Я решил сбагрить сестру тёте Пэм и дяде Питеру – нашим соседям, которых отделяла от нас только высокая живая изгородь. У них во дворе стоят качели, хотя детей нет. И качели эти давно покрылись ржавчиной. Они очень мечтали о ребенке. Говорят, что они ненормальные, однако я так не считаю.

Дверь была чуть приоткрыта. Мы вступили в прихожею. Я позвал дядю Питера, но никто не откликнулся. В гостиной их не было, на кухне тоже. Я проверил все комнаты на первом этаже, а потом услышал в конце коридора из подвала какие-то звуки. Может быть они там? Старики ненавидят солнце. Из подвала снова донесся звук, чуть различимый, как будто его принес ветер... чей-то ужасающий, наполненный страданиями, стон.
Я начал спускаться по деревянной лестнице. Бетти следовала за мной по пятам.
В подвале тускло горел свет, не способный осветить всё помещение целиком, поэтому его углы и кирпичные стены оставались во мраке. Вонь витала в воздухе, как будто здесь кого-то стошнило, и немудрено: пахло сыростью и плесенью.

Мы достигли последней ступени. Вокруг валялись какие-то коробки. Они хранили в подвале старую мебель. До слуха донесся жалкий стон. Я повернулся и обомлел от представшей моему взору картины. Дядя Питер голый стоял на коленях, тётя Пэм склонилась подле него с перекошенным от невообразимой злобы лицом. У нее были расширенные глаза, пылающие безумием, и дьявольская ухмылка. Она прижала его трепещущий скользкий язык к пыльному столу и замахнулась топориком, с явным намерением сию секунду использовать его не по назначению.

– Больше ты мне ни слова не скажешь, сраный импотент! – прорычала старуха, а затем опустила топорик на то место, где секунду назад извивался, как червяк, розовый язык старика. Он громко взвизгнул. Это было что-то вроде смесь вопля и скуления бродяжки.

Кровь каскадом стекала со столика на цементный пол. Но тётя Пэм не собиралась останавливаться. Она была так увлечена этим процессом, что даже не заметила нас, полосуя тело мужа топором для мяса. Дядя Питер вопил в агонии от прикосновений лезвия, с наслаждением рассекавшего его лицо, морщинистую грудь и плечи. Кровь фонтанчиками разлеталась в разные стороны, ныряя в темноту. Тётя Пэм продолжала свирепствовать и после того как он замолк... уже насовсем.

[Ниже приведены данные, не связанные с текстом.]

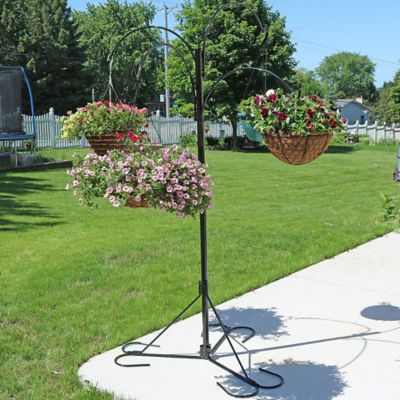 Sunnydaze Decor 4-Arm Garden Hanging Basket Flower Plant Stand with Adjustable Arms, 84 in., Black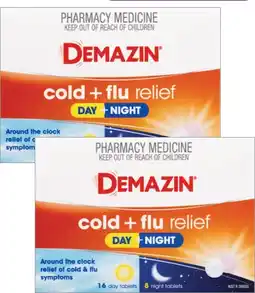 Discount Drug Stores Demazin Cold + Flu Relief Day + Night 24 Tablets offer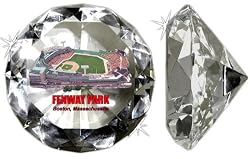 Fenway Park On A 4" Diamond Glass. Jewelry Box Included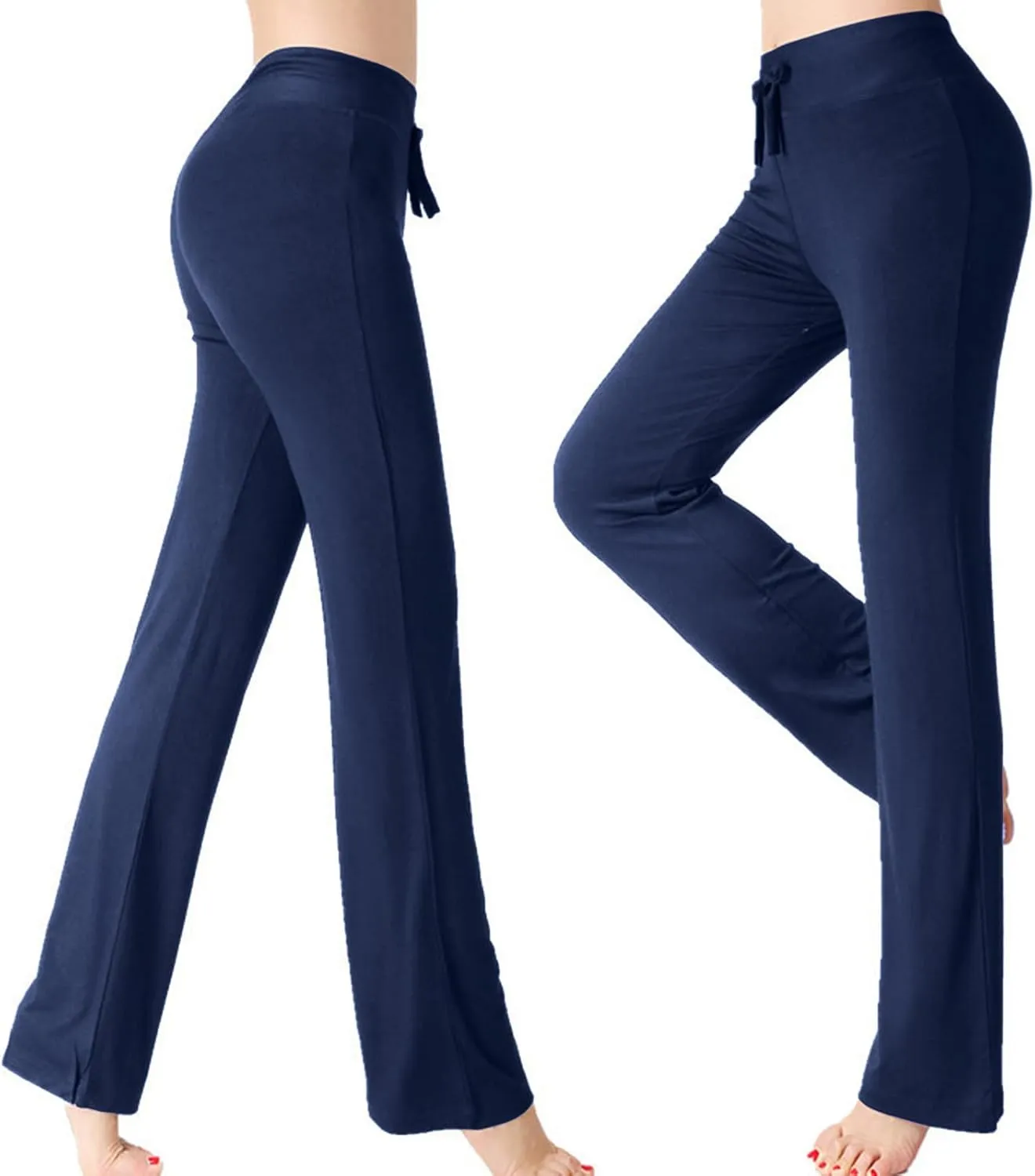 Women High Waist Yoga Trousers Solid Color Wide Leg Drawstring Casual Leggings Trendy Going Out Workout Yoga Pants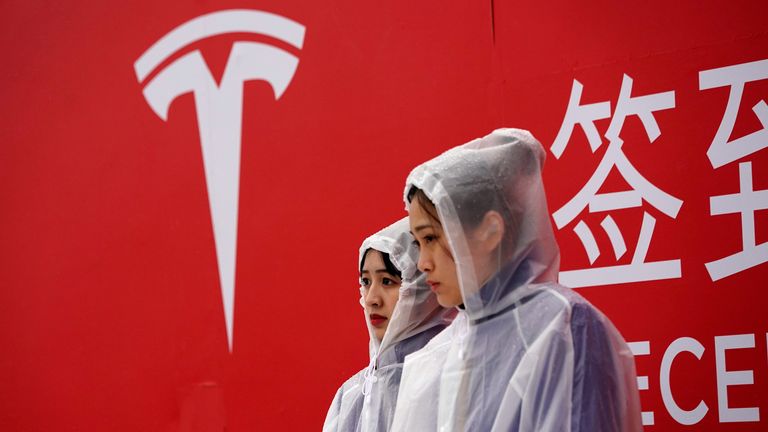 FILE PHOTO: The Tesla logo is seen at the groundbreaking ceremony of Tesla Shanghai Gigafactory in Shanghai, China January 7, 2019. REUTERS/Aly Song/File Photo
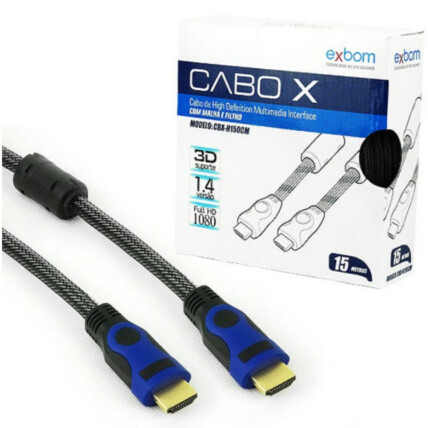 Cabo HDMI 15 Metros 1.4 com Malha e Filtro OD7.3 Blindado Exbom - CBX-H150CM
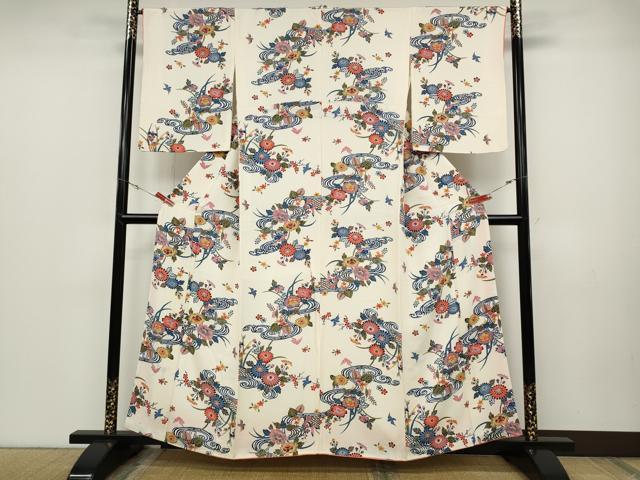 平和屋着物●上質な小紋 型染め 流水花鳥文 正絹 逸品 CABD0137ut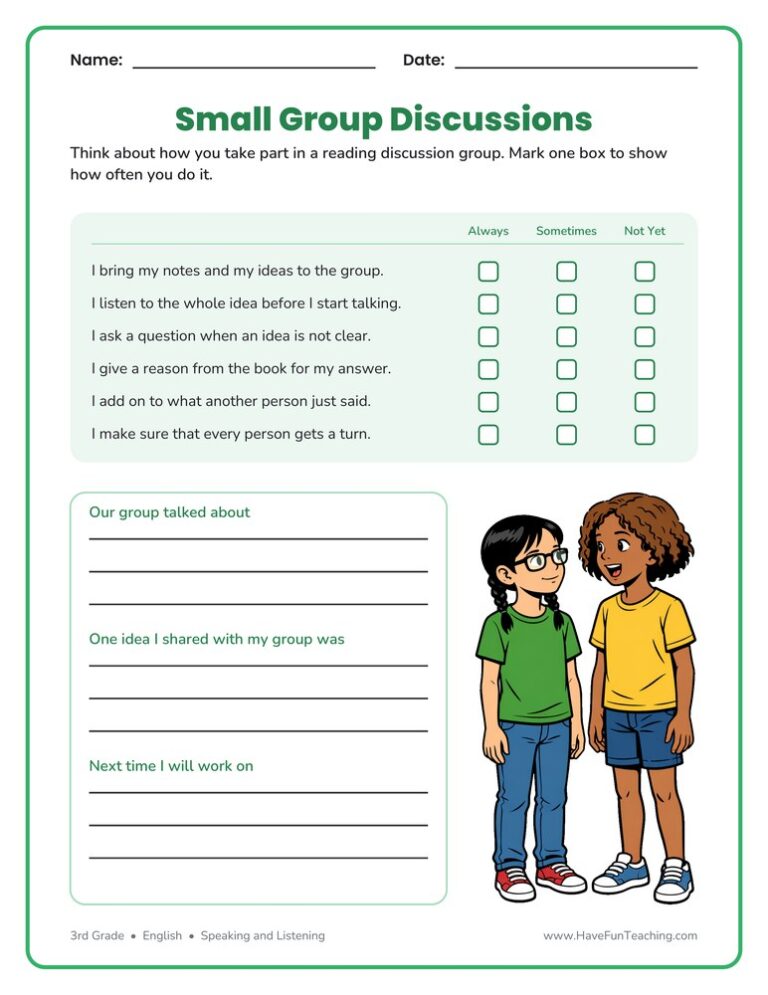 Small Group Discussions Checklist Worksheet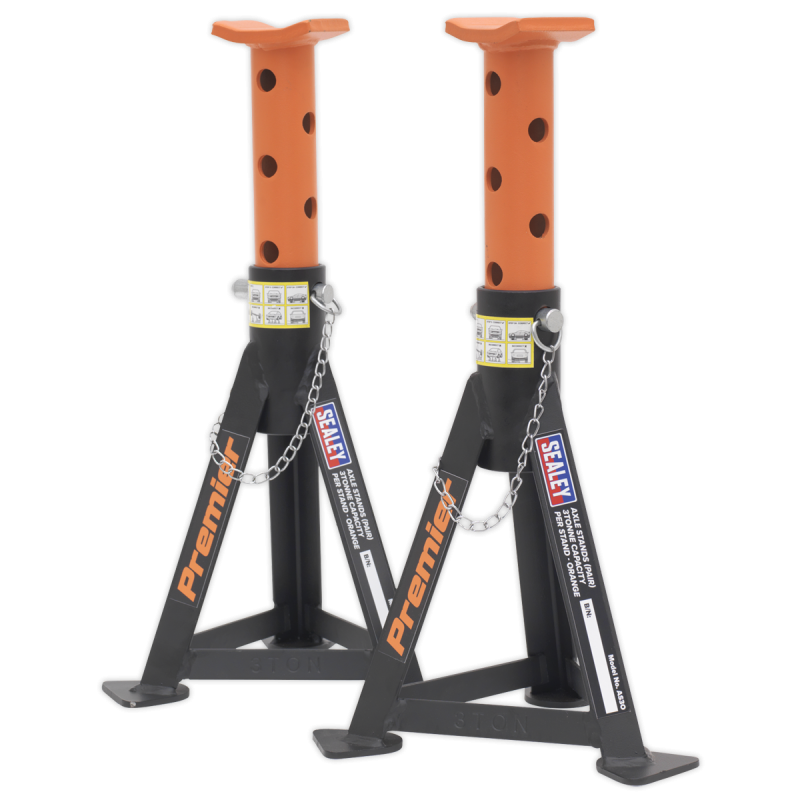 Premier Axle Stands (Pair) 3 Tonne Capacity per Stand - Orange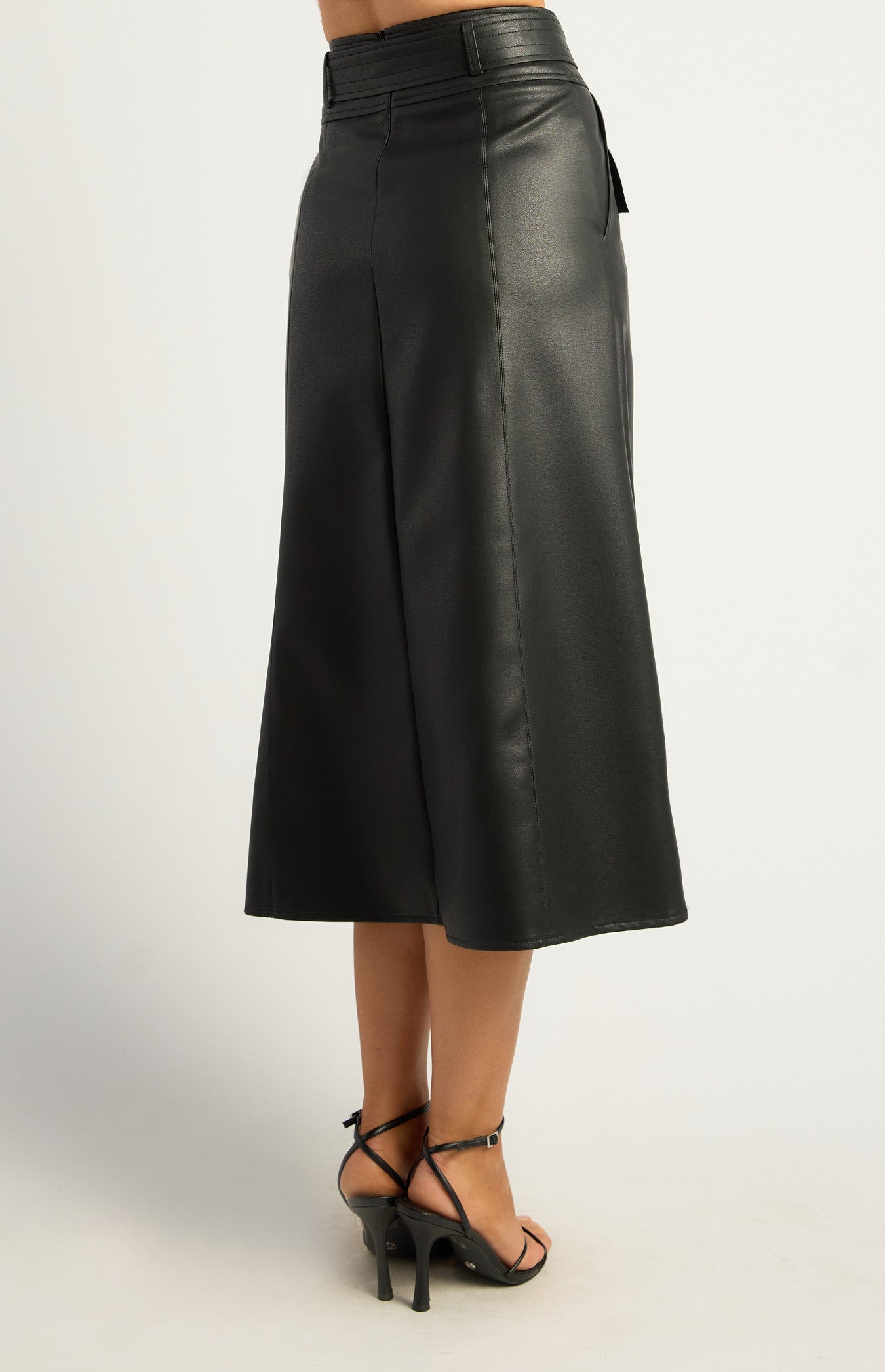 A Line Faux Leather Midi Skirt with Top Stitch Belt Detail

Что за херня здесь творится?

Я взял в руку бледную ладошку Бетти и скорее повел прочь из этого ебнутого дома. Мы отправились с ней вниз по тротуару. Все-таки неспособность иметь детей довела тётю Пэм окончательно.

– Куда мы идем, Калеб? – дрожащим голосом спросила девочка.

– Заткнись и не отпускай мою руку, – зашипел я.

– Хорошо, – послушно кивнула она.

Мы без происшествий добрались до дома Бельмана. Я позвонил в дверной звонок, а потом вспомнил, как он говорил, что сегодня ближе к вечеру записался к стоматологу.

– Идем, – сказал я Бетти. Мы спустились по ступеням террасы.

Повезло, что стоматологическая клиника находилась в двух кварталах от дома Стивена. Маленькое здание из темного кирпича с табличкой у входа «Веселый доктор Смер».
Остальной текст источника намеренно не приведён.